- Instructions to follow
Throughout the listing below, show every line in which "done" occurs.

- Working data
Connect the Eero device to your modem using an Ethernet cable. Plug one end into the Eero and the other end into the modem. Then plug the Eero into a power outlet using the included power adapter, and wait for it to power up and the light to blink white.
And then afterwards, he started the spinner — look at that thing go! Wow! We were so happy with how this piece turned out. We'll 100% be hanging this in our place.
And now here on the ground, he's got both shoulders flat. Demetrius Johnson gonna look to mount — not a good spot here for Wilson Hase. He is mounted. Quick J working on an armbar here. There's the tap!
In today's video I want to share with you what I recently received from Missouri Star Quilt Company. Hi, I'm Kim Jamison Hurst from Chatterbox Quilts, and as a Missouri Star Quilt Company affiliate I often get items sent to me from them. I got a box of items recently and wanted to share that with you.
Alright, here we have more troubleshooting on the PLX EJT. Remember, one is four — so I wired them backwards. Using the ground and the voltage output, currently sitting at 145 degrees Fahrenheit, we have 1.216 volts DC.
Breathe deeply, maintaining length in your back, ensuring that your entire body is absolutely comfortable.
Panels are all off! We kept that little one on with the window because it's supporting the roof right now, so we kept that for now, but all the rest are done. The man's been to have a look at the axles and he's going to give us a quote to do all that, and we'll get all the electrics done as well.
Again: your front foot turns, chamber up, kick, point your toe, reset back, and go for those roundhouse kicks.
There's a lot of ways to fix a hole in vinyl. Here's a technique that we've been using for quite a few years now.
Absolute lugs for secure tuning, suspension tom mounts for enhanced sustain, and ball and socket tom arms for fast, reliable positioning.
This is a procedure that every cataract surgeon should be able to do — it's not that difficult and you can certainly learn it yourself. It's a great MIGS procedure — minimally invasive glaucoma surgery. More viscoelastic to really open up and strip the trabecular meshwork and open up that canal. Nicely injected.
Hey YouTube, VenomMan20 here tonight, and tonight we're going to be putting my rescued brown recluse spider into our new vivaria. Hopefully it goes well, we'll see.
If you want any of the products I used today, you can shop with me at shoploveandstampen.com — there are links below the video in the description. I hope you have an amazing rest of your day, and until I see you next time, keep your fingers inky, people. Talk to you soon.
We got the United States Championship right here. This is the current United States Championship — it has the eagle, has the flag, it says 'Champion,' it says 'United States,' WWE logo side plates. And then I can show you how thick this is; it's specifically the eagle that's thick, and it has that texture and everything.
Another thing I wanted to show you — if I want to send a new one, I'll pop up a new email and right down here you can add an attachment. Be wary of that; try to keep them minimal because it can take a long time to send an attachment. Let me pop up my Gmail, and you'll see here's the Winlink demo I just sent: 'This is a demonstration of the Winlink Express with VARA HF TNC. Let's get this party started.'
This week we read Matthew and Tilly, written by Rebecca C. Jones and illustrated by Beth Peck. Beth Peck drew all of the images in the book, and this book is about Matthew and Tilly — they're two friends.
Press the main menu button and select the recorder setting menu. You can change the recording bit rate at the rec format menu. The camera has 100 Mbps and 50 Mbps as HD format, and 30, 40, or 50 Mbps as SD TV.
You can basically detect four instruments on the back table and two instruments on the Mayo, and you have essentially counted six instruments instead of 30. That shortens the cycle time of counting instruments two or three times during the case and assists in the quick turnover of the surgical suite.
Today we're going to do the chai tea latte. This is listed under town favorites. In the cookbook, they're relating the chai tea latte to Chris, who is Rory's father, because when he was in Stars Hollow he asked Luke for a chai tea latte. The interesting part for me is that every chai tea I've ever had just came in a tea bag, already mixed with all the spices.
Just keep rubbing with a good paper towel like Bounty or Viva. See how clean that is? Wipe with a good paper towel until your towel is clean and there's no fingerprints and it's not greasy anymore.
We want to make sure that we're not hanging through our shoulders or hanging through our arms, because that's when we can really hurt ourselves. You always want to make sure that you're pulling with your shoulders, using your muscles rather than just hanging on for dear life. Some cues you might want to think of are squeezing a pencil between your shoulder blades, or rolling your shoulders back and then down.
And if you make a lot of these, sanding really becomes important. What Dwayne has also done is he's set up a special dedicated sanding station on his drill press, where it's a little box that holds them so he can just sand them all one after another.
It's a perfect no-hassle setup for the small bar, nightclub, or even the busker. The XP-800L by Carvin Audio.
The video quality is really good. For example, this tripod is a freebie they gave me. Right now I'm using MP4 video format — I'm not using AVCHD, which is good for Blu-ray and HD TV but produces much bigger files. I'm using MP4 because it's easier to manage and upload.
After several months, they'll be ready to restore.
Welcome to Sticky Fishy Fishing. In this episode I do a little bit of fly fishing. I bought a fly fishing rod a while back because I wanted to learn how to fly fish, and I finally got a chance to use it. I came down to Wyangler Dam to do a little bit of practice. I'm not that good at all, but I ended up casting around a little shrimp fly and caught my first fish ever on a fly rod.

- Response to this task
Panels are all off! We kept that little one on with the window because it's supporting the roof right now, so we kept that for now, but all the rest are done. The man's been to have a look at the axles and he's going to give us a quote to do all that, and we'll get all the electrics done as well.
And if you make a lot of these, sanding really becomes important. What Dwayne has also done is he's set up a special dedicated sanding station on his drill press, where it's a little box that holds them so he can just sand them all one after another.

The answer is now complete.